Rare Last Photos Of The Romanovs
Tsar Nicholas II After His Abdication

Tsar Nicholas II is shown here in a field surrounded by soldiers after his forced abdication on March 15, 1917. He was the last Emperor of Russia, and his reign saw the fall of the Russian Empire from a great power of the world to economic and military collapse. Nicholas II earned the name Nicholas the Bloody for the events of the Khodynka Tragedy, Bloody Sunday, the violent suppression of the 1905 Revolution, his perceived responsibility for and defeat in the Japanese War, and the anti-Semitic pogroms common under his empire. The estimated 3.3 million Russians killed in World War I and the lack of food and supplies on the home front were ultimately the downfalls of the Romanov dynasty.
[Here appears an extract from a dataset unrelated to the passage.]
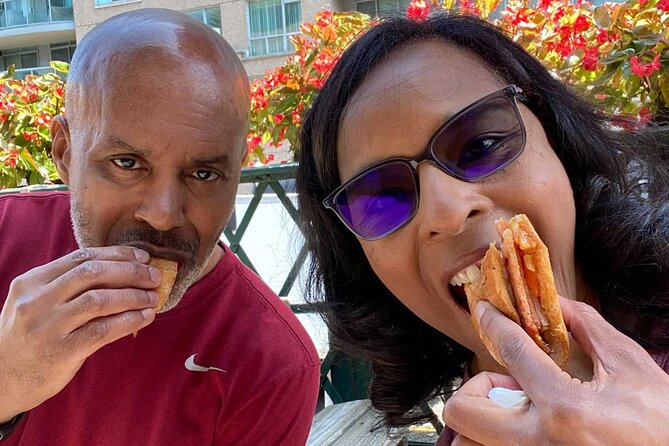 Toronto: St Lawrence Market Food Tour with 6 Food Tastings - Walking from Old Toronto to the Distillery District
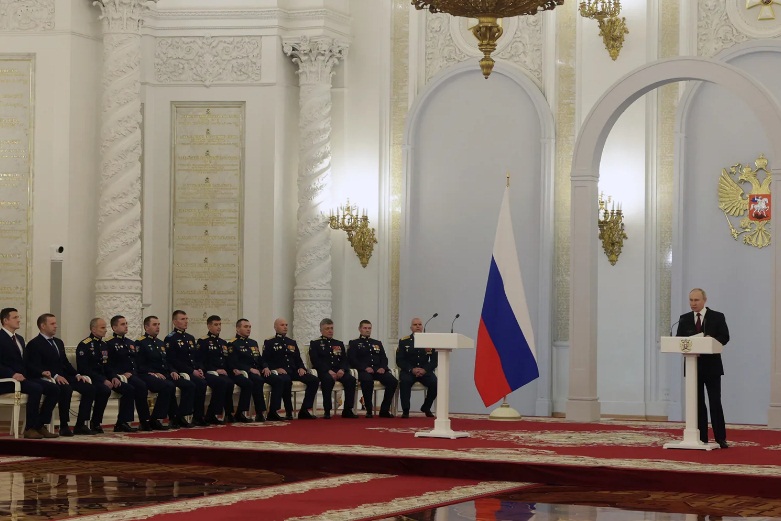 Путин наградил героев СВО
At Tsarskoye Selo Before Captivity

This photograph was taken at Tsarskoe Selo in 1916, about a year before the family would be held in captivity on the same grounds. Alexei sits between his mother Empress Alexandra, and father Tsar Nicholas II. Before Tsarskoe Selo was a prison for the Romanovs, the beautiful Alexander Palace and adjacent Alexander Park were a summer residence for the family. Visiting nobility would also stay in Tsarskoe Selo, which is located about fifteen miles south of the center of Saint Petersburg. After Bloody Sunday, Alexandra decided to make Alexander Palace the family’s permanent residence, since the Winter Palace was too dangerous.